Tuesday, April 25, 2006

baby bash

And I thought Surgery was tiring. OBGYN is a murder. My mini group: Miss RusRus, Ah Rmandha and Ah Nggun have been working in the delivery room since 7am. We're absolutely knackered and it's only 9 at night. 10 hours of hell to go. There's just so much to do here because there's only 1 resident and 1 chief resident. Since the chief resident is constantly in the OR, therefore a lot of responsibilities fall on us. It's cool in a sense I finally get to witness all the action: normal deliveries, pathological deliveries, spontaneous abortions and D&Cs (Dilation & Curettage): induced abortions. We're assigned to our own patients and it's pretty heavy duty stuff. I haven't delivered my first child yet but I look forward to it.

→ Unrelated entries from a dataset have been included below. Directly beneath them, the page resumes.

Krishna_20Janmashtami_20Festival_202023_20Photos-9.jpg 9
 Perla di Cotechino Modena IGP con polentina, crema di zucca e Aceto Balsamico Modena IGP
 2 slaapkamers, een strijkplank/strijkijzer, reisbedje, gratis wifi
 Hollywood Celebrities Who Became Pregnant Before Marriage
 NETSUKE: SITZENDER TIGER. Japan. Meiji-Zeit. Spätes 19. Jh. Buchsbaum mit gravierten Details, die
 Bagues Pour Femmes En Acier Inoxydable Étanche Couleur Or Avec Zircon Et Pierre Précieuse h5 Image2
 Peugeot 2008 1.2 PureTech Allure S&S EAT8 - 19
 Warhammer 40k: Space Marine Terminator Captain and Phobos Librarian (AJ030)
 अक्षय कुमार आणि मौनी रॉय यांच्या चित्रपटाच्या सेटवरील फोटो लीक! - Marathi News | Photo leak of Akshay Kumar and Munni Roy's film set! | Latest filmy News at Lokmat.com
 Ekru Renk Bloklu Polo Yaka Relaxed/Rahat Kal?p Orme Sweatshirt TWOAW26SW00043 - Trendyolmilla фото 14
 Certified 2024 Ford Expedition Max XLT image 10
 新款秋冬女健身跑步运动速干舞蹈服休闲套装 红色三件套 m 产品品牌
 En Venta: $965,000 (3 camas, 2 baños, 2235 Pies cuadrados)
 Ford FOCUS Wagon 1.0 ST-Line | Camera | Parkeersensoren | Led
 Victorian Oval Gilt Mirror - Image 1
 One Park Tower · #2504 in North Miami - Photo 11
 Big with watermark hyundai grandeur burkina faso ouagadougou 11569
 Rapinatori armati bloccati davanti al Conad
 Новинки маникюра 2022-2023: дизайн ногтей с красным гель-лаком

Since there are so many misconceptions about birth-giving (mostly planted by TeeVi...l), HERE are some trivial facts: babies are NOT covered in blood post-delivery, they're covered in white stinky amniotic slime; parturition does not end 'till the placenta is expulsed; when the baby motions outta the vagina it takes just a split second for him/her to slide out (the pressure actually shoots the kid out like a human cannon); many a time the mother's perineum (the border between vagina and ass-h*le) gets torn and it hurts to d*mn hell but one thing the tele got right: DELIVERY really DOES HURT!!


It's a 'lil quiet now. Weird thing 'bout delivering mothers, they always mysteriously tend to deliver at the same moment. The last 2 ladies just finished giving birth so now we can heave a sigh of relief. I still have my pre-eclamptic (hypertensive) patient to monitor while Ah Rmandha just helped in assisting his first spontaneous delivery (I haven't delivered yet) and it was a bewildering experience for all of us. He stumbled, kekeke, during the clamping of umbilical cords, actually it was more of like him flailing the clamp about 'cos he was trembling as he tried to fasten the clamp onto the umbilical cord. I can relate. I totally get it 'cos this afternoon, just as I arrived (fresh from knowing nothing), I was thrusted into assisting a patient with the removal of her retained placenta and I just froze. Procedures we ever memorize tend to flush down the loo when we face them in real life... It's hilarious but true. You can yabber the steps to perinatal management like the back of your hand but when they drop a baby into your arms you'd probably end up doing nothing else but a rock-impersonation.